Local models also made the latency problem harder to ignore.

In the previous post, I moved roadmap analysis into a background flow so the user would not sit on a form submit for thirty seconds. Topic generation had not received the same treatment yet. It was still too close to a synchronous request: the user asked for topics, the model generated them, and the UI waited for the response.

That was risky with Gemini. With local models, it was worse. A slower model could stretch the request long enough to hit infrastructure timeouts, and the user would end up staring at another frozen-looking screen.
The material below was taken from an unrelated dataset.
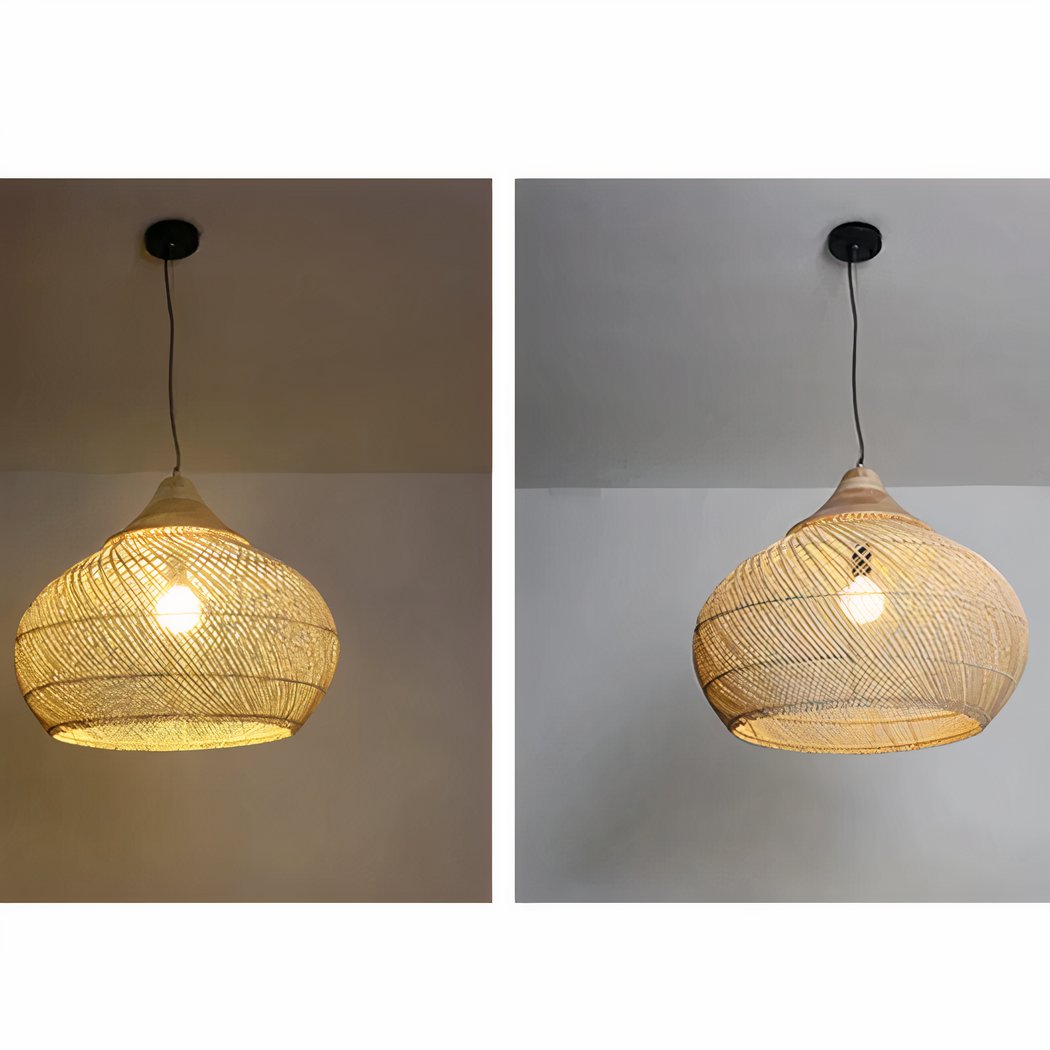 Lustre de chambre en bambou tissé à la main forme chapeau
The local model I added to reduce cost could easily create UX debt instead.

So topic generation moved into the same status-driven pattern. The request starts the job, the roadmap stores topic-generation state, and the frontend polls for whether the job is running, failed, or complete. The UI does not pretend to know an exact percentage. It shows only what the system actually knows.

I also added a warning around regeneration. If topics are deleted and recreated, existing mock-interview history connected to those topics can disappear through cascading deletes. To a developer, that is a database relationship doing what it was told to do. To a user, it is “where did my history go?” That needs to be said before the button is pressed.


That same session was also when the interview loop started becoming real.

Instead of burying the mock interview inside a topic card, I moved it into a dedicated interview page. The screen got a conversation area, a side panel for topic and interviewer metadata, a compact answer composer, Enter-to-send, Shift Enter for line breaks, optimistic user messages, and a loading bubble while the interviewer responded.

Those details sound small, but they change the posture of the feature. Interview practice should feel like a conversation, not a document submission. If the screen feels like a form, the user becomes someone filling in an answer. If the screen feels like a chat with pressure, the user is sitting across from an interviewer.

I also removed live grading from the conversation. Scores and detailed feedback after every answer break the illusion. A real interviewer does not pause after each response to hand you a rubric. The pressure comes from answering, being challenged, and staying coherent as the follow-up digs deeper. The detailed evaluation belongs at the end.

The first turn needed special handling too. An interviewer’s first message should not sound like a mid-session evaluation. It should greet the user and ask the opening question. So I split opening-turn generation from follow-up-turn generation. The first message starts the interview. Later turns respond to what the user actually said.


Language behavior needed the same kind of explicit policy.

If you do not tell an AI system what language to use, it drifts. An English JD can pull the answer into English. A Korean resume can pull it back into Korean. A single sentence in the prompt can tilt the result. The user does not experience that as model nuance. They experience it as inconsistency.

So I made the priority order explicit. If the user chooses a language manually, that wins. In auto mode, the system looks at the JD first, then the resume, then the user’s default preference. For interview preparation, the JD often reflects the language of the actual evaluation environment, so it deserves priority.

This was the same lesson again. Some decisions should be left to the model. Product policy should not be one of them. Language is part of the user experience, not a casual side effect of the prompt.


Looking back, that session collapsed into one lesson.

An AI feature cannot be abstracted by model name alone. Different providers fail differently. Different models have different speed and output-stability profiles. Different operations demand different UX. Roadmap analysis, topic generation, interview conversation, and language selection all use LLMs, but treating them as the same kind of call hides the important parts.

I started by adding Ollama to reduce cost. What I got was more important than cost reduction: a clearer boundary around AI work. Some operations belong on Gemini. Some are good enough on a local model. Some need to run in the background. Some need immediacy because conversation quality depends on it.

Making the model swappable mattered. Making the product flow survive a model swap mattered more.